Freehand 3D ultrasound to measure the volumes of breast tumours as they respond to chemotherapy.

Large tumours in the breast are sometimes treated with drugs to reduce their size before surgery is attempted. It is important to measure the way the size of the tumour changes in response to the drug treatment. This is difficult to do as more than one sweep of the ultrasound probe is often required to visualise the whole tumour. The 3D freehand system can overcome this problem and a trial of the system is underway. The people involved are Dr Graham Treece, Dr Richard Prager, Dr Andrew Gee and Peter Hassenpflug at Engineering, plus Dr Peter Britton and Dr Charlotte Coles at Addenbrooke's Hospital.
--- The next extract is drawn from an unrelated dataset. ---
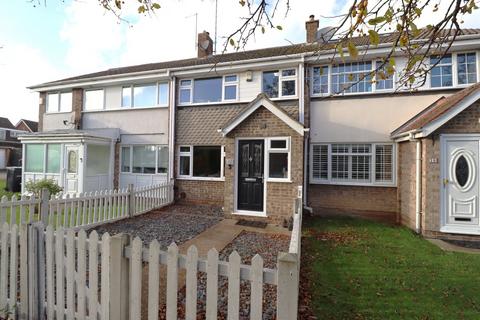 3 bedroom terraced house for sale - Bramfield Road East, Rayleigh, SS6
Radio Frequency Three Dimensional Ultrasound Imaging.

This is a project to build a 3D ultrasound machine that incorporates the advantages of both mechanically swept and freehand systems. It is funded by the HEFCE SRIF2 programme. The people involved are Dr Richard Prager, Dr Graham Treece and Dr Andrew Gee.
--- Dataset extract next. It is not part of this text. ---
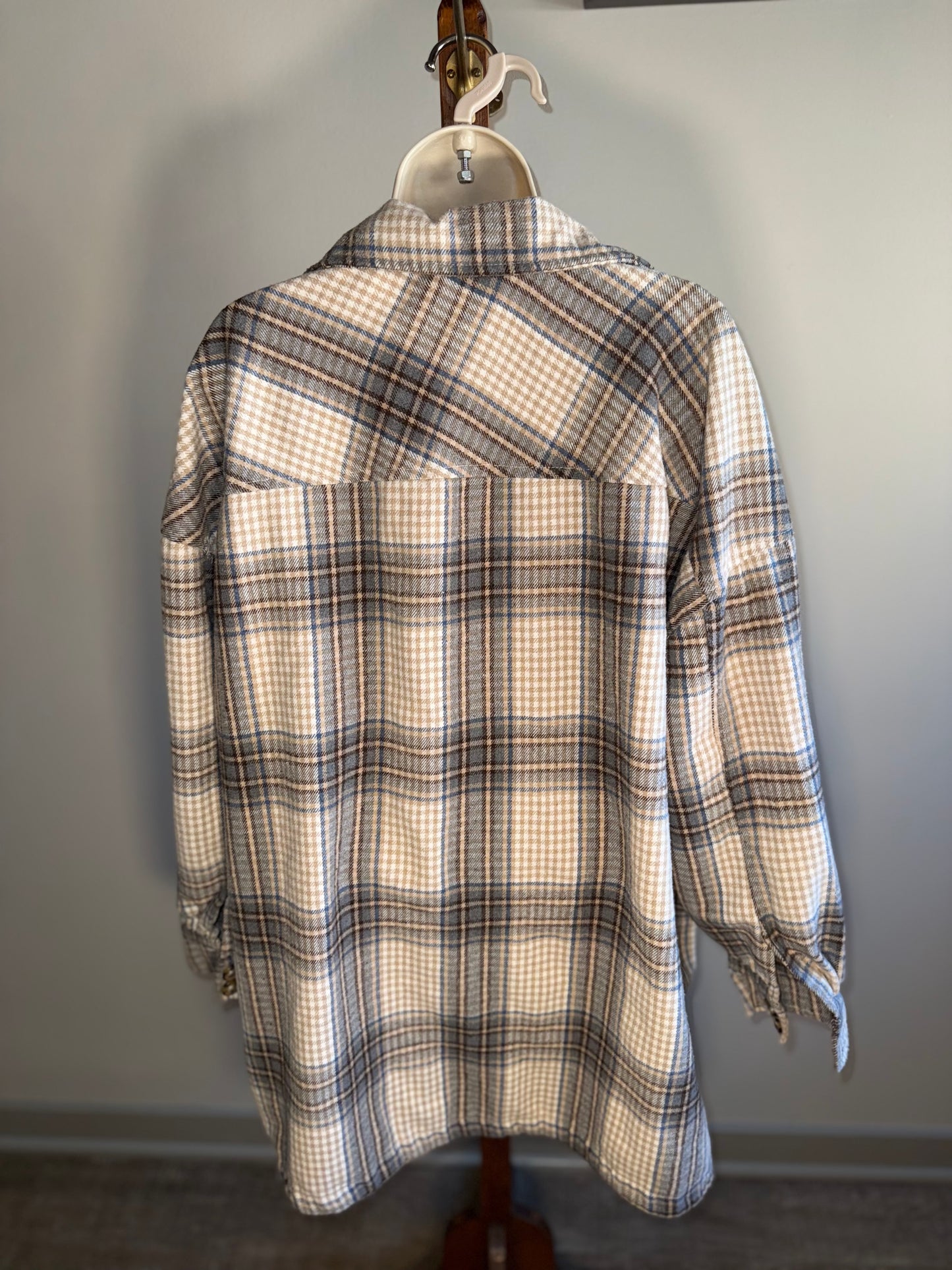 Taxi (2X) Neutral Good Quality Flannel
High definition 3D ultrasound

An EPSRC project to develop a system for the acquisition of exceptionally high resolution 3D ultrasound and investigate a number of promising clinical applications. This project is now complete. You can read the final report and the assessments by the anonymous referees. The people involved were Dr Graham Treece, Dr Richard Prager, and Dr Andrew Gee at Engineering plus Dr Charlotte Cash and Dr Laurence Berman at the Department of Radiology.

SOLUS-3D

A joint project funded by the European Commission Biomedicine & Health Research Programme. This project is now complete. The people involved were Dr Jonathan Carr, Dr Richard Prager and Dr Andrew Gee at Engineering, plus Dr Kevin Dalton at the Department of Obstetrics and Gynaecology and Dr Laurance Berman at the Department of Radiology.

Stradivarius

An EPSRC project to develop a system for the acquisition of 3D ultrasound data in a clinical environment. This project is now complete. The people involved were Patrick Gosling and Dr Richard Prager at Engineering plus Dr Laurence Berman at the Department of Radiology.